(Beginning of RECORDS PROVIDED)
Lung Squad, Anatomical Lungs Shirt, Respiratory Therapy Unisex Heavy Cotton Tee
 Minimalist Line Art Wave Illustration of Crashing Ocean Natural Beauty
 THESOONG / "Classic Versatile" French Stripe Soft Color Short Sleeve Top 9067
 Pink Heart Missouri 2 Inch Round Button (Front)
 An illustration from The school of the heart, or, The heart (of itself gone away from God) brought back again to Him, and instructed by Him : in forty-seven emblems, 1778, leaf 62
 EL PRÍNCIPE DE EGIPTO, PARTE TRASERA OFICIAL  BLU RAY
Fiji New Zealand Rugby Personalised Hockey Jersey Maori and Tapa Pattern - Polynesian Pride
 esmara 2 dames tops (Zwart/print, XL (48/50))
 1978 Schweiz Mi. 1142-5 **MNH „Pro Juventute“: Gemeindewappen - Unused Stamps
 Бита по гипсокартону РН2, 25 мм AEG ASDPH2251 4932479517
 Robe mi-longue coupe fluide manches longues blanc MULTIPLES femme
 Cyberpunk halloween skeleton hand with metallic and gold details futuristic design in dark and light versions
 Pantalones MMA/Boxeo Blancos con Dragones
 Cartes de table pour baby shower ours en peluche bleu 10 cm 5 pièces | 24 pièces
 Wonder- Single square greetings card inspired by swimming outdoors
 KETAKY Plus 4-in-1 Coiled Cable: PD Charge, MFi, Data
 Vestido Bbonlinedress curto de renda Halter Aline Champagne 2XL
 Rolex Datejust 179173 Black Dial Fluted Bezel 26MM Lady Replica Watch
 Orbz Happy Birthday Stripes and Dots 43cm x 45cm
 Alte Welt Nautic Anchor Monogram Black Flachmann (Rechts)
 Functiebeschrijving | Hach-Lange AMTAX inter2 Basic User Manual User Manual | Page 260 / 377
(End of RECORDS PROVIDED)
- WHAT YOU ARE ASKED TO DO -
Count how many lines in the listing above contain the word "Black", and respond with only that number.

- SOLUTION TO THIS PROBLEM -
2